For sagas that send multiple commands in parallel, add OnFault() transitions in each waiting state. This ensures you can compensate regardless of which step failed.
Handle timeouts
Long-running sagas may need to protect against the case where an expected reply never arrives. Use OnTimeout() to define what happens when the saga has been waiting too long.

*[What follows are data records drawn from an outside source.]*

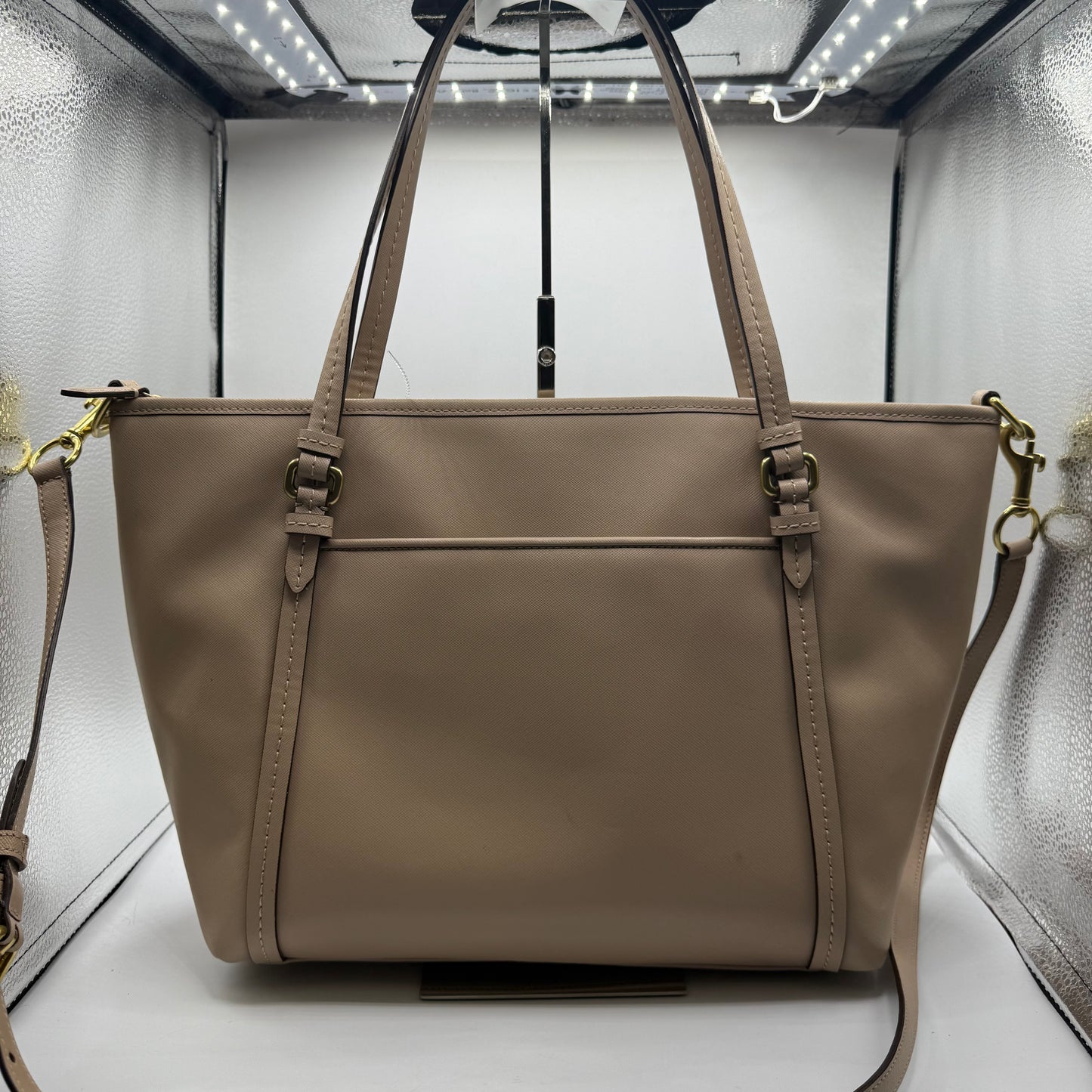 HANDBAG DESIGNER by COACH In TAN, Size: LARGE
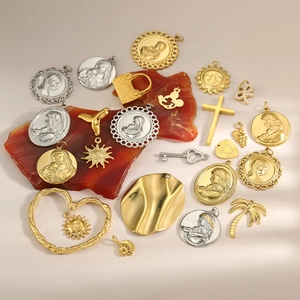 Sortierte Gold- und Silberanhänger aus Edelstahl mit religiösen und Naturmotiven
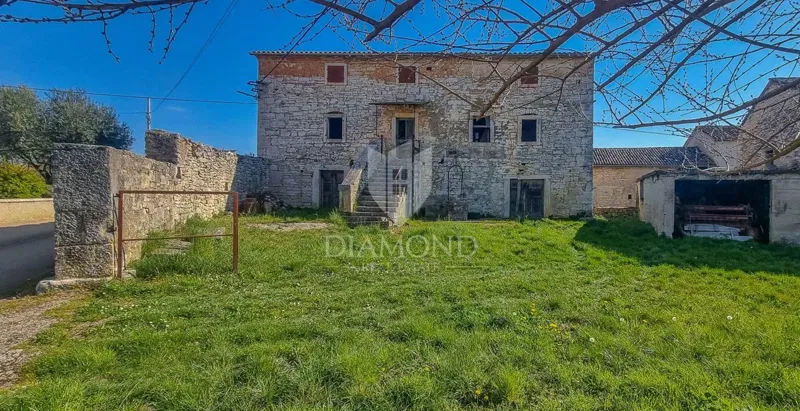 Svetvinčenat, spaziosa casa in pietra pronta a risplendere di nuovo – 2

Schedule a timeout when entering a waiting state
Register the timeout as an on-entry action on the state that needs a deadline:
descriptor .During(AwaitingRefund) .OnEntry() .ScheduleTimeout(TimeSpan.FromMinutes(5)); // fire SagaTimedOutEvent after 5 minutes
descriptor .During(AwaitingRefund) .OnTimeout() .Then((state, _) => { state.FailureReason = "Refund timed out after waiting 5 minutes"; }) .Send((_, state) => new ReverseChargeCommand { OrderId = state.OrderId, Amount = state.Amount }) .TransitionTo("TimedOut");
descriptor.Finally("TimedOut") .Respond(state => new QuickRefundResponse { OrderId = state.OrderId, Success = false, FailureReason = state.FailureReason, CompletedAt = DateTimeOffset.UtcNow });
When the saga transitions out of AwaitingRefund via a normal reply, the scheduled timeout is cancelled automatically. If the timeout fires first, OnTimeout() runs the configured transition - in this case, dispatching compensation and moving to TimedOut.
What to do when a timeout fires
A fired timeout means the downstream service did not reply within the expected window. Common responses:
- Transition to a compensation state and issue undo commands for completed steps.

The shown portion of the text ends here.